1. What shapes are these tables?
Obviously the green one is a rectangle and the red one is a square. Wrong! They are the exact same width and length. One has just been rotated 90 degrees. Our brain leads us to believe that they are not the same because various parts of the brain responsible for different aspects of processing visual information (e.g. shape, depth, colour) are disagreeing about what they see – is it a fat square table or a thin long one? This disagreement makes it difficult for you to make up your mind about what it really is.
2. Are these lines straight or curved?
Believe it or not – these two red lines are dead straight and parallel. So how does your brain trick you into thinking the lines are curved?

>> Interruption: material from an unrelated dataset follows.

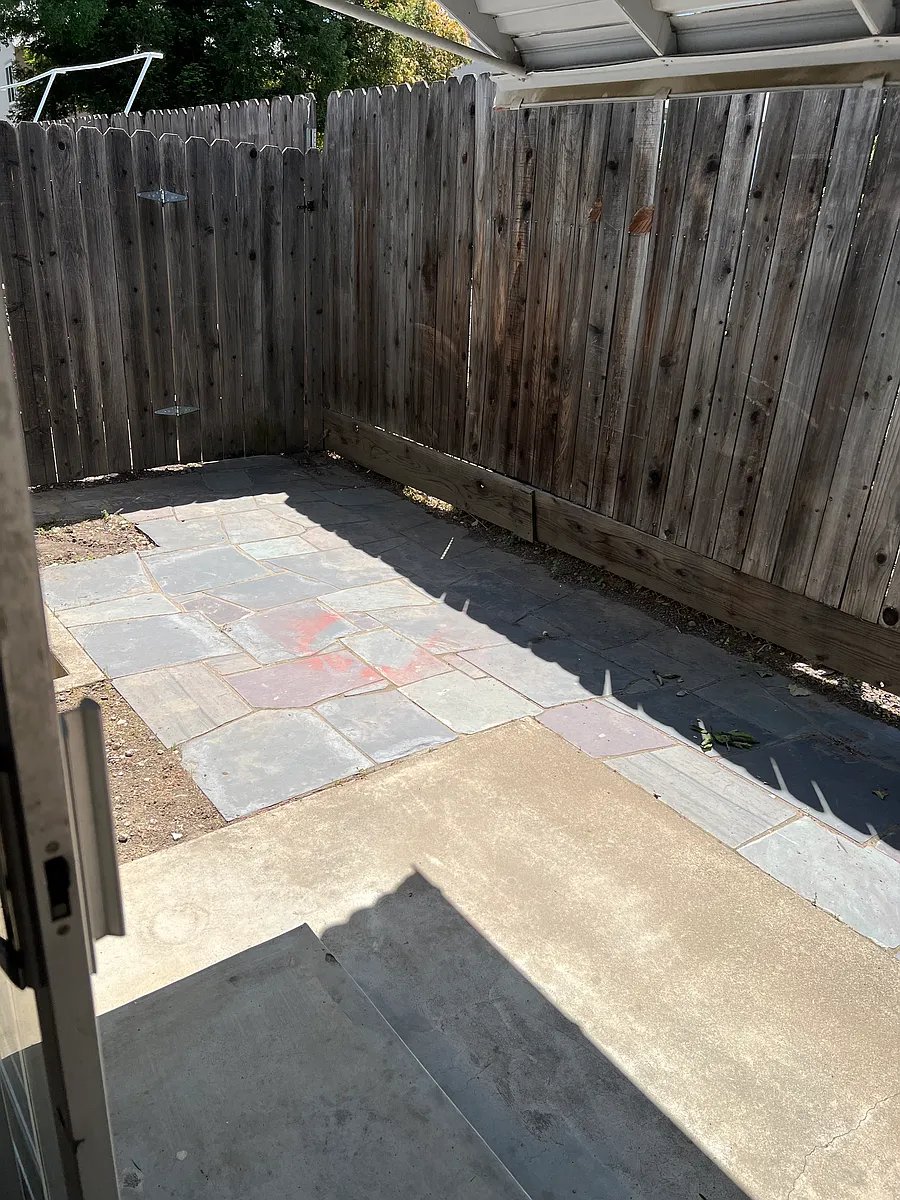 Building Photo - 2657 Riverside Blvd #5A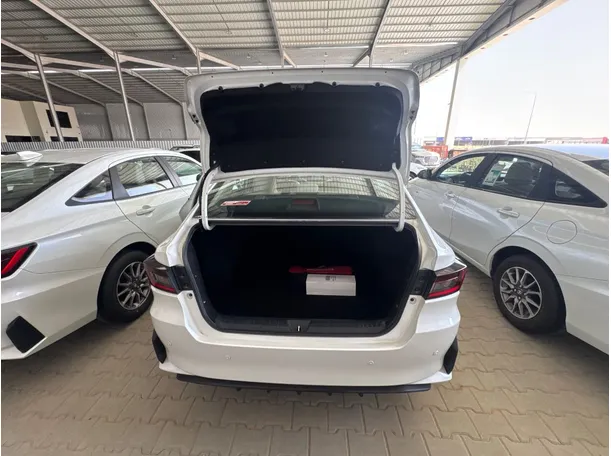 Car image 17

The blue lines makes our brain think that we’re moving toward the image and so the brain predicts what the red lines will look like in the future – making the red lines bulge out. So weird!
3. This is just a photo of President Obama upside down.

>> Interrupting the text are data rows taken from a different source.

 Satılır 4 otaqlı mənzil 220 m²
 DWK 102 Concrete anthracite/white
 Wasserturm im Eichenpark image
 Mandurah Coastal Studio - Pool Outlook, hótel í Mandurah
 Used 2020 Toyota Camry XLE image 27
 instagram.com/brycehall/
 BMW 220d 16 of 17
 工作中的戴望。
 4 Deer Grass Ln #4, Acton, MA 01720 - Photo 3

What’s so strange about this you might ask? Well the truth might surprise you. Have a look at the image the right way up.

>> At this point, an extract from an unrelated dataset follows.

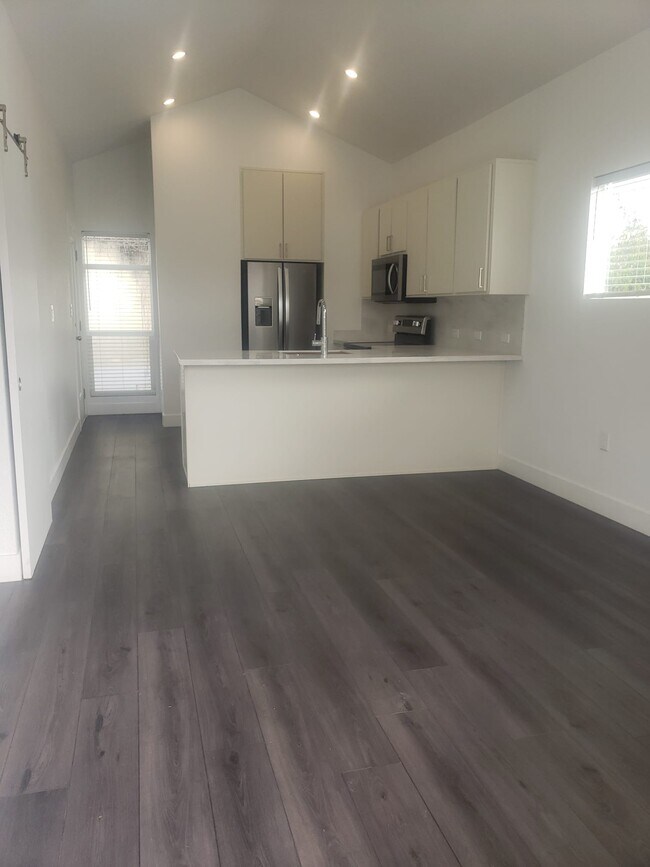 Foto del edificio - 5749 11th Ave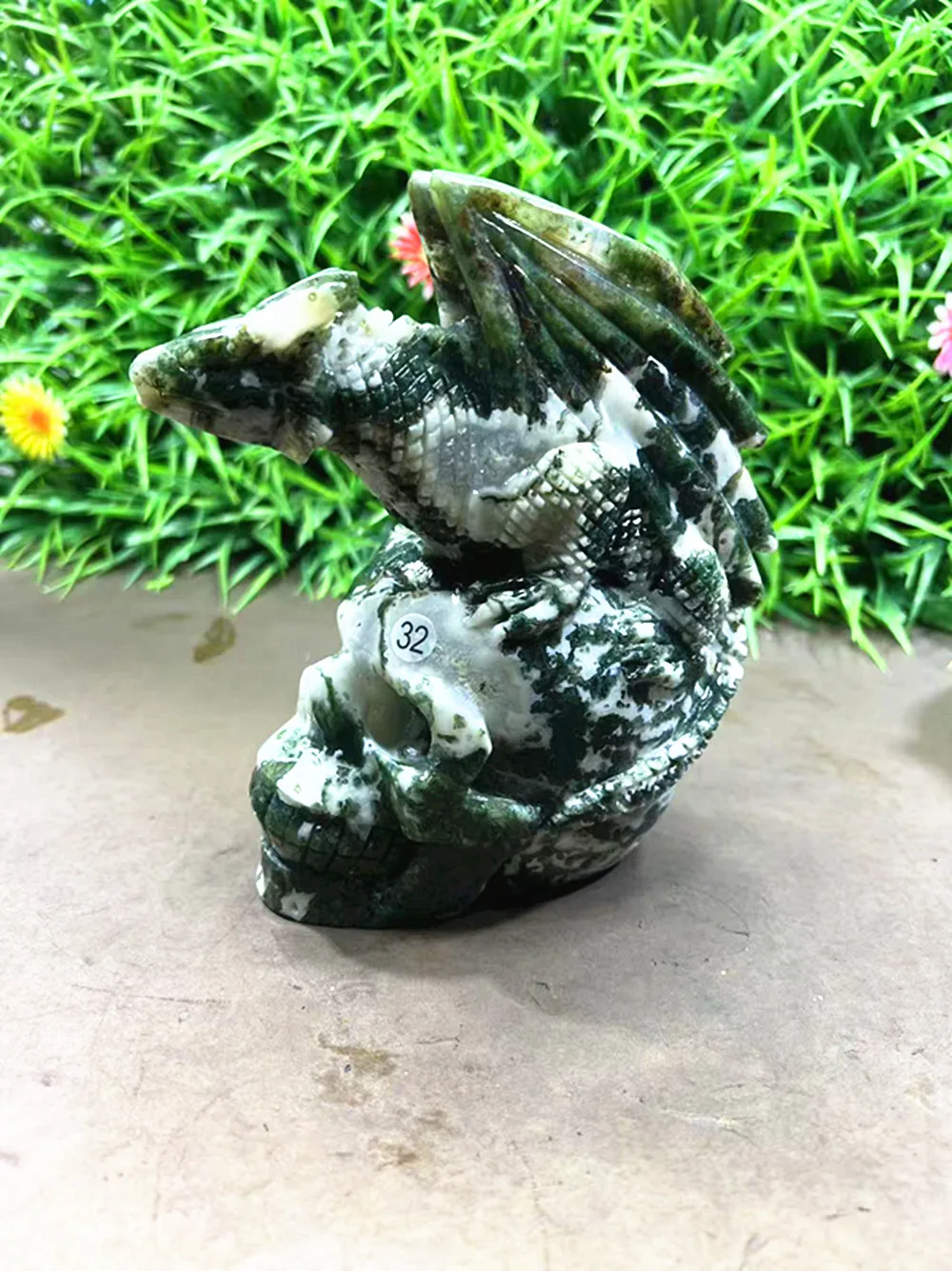 Natural quartz crystal water grass agate hand carved skull home decoration decoration chakra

Woah! How does that work? We don’t think anything is strange in Obama’s upside down picture because his eyes and mouth are the right way up. Our brain processes visual information in parts before making a whole image – so it processes parts of our face (eyes, lips etc.) before processing the whole face and in turn tricks us!
4. Clearly Square A is Grey and Square B is White.
Apparently not – instead they are the exact same shade of grey. Here’s the explanation – we know that the checkerboard pattern has dark and light squares. Our brain sees that there is a shadow cast on the board and knows that square B is one of the light squares, even though it’s the exact same colour as the dark squares without a shadow on it. So to avoid confusion, the brain changes the lightness of Square B automatically for us. Uncool!
5. What do you see?
Some may see a young woman and others an old woman. Here’s the strange thing – we can’t see both at the same time. This is because seeing something and recognising it are two different things. What happens is that we don’t stop seeing the old woman, but we stop recognising her after focusing on the younger woman.
6. Which yellow line is longer?
It’s the line at the top. Wrong! They are both the same size. This is a case of our brains making us think that one is further away because of the black ‘tracks’.